1970...year 0, or year -43 as it is at the time of writing. As we contemplate the forthcoming release of the new album...a return to the rollicking days of that year so we are told, lets look at two contrasting performances from that year. Think of the contrast between the Elton John album cover and the stage persona. Both almost similar sets performed by Elton. But that's where the similarity stops. And familiarity begins, both in the studio and live recreations that the two examples are representing so finely of that year.
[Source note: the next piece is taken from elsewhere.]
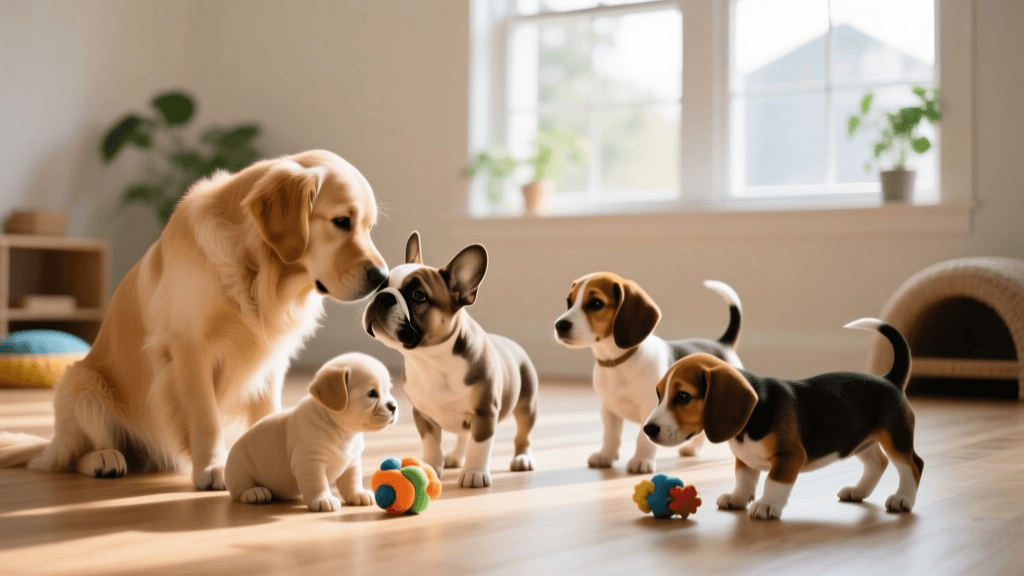 The Ultimate 8 to 16 Week Puppy Socialization Guide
The first in the BBC TV broadcast, recorded in May 1970. At this point, three albums recorded and two out in the UK. None as yet in the US. Primarily a showcase for the Elton John album, with as ever a new song thrown in. A showcase that ultimately ended up in the folk category in the BBC archives, which may explain why it was never wiped if you anything about the BBC's 'wiping policy' at that time. The music and lyrics are to the forefront here, it's not about Elton the owner of the stage, but merely a stage to present his and Bernie's embryonic material. Featuring many of the musicians that played on the EJ album, Barry Morgan, Madeline Bell, Leslie Duncan, Skaila Kanga and in particular Paul Buckmaster. In fact, his hands are all over this one. Not only does he bring his arrangements with him and a small orchestra, but his solo cello playing is name checked by Elton and beautifully recreated. 60 Years On is bang on the studio version. Lamenting acoustic guitar over the strings and the whispy organ. Beautiful! No flubbed lines or under rehearsal on this one, it's knitting together of Elton's piano, voice and a superb backing.The strings are delightful with a tenacity in their delivery. Elton's voice is like plate glass, fragile but strong when upright. Attitude appears too, Take Me To The Pilot ensures we see the other side too. In the next show, it's abundant the whole way through. The ending has the 'new band', Nigel and Dee raw, yet tight as if they'd been doing it all their lives. Burn Down The Mission is truncated, but still the piano riffs are in full focus, heralding the excitement of the stage Elton. Which is where we go next...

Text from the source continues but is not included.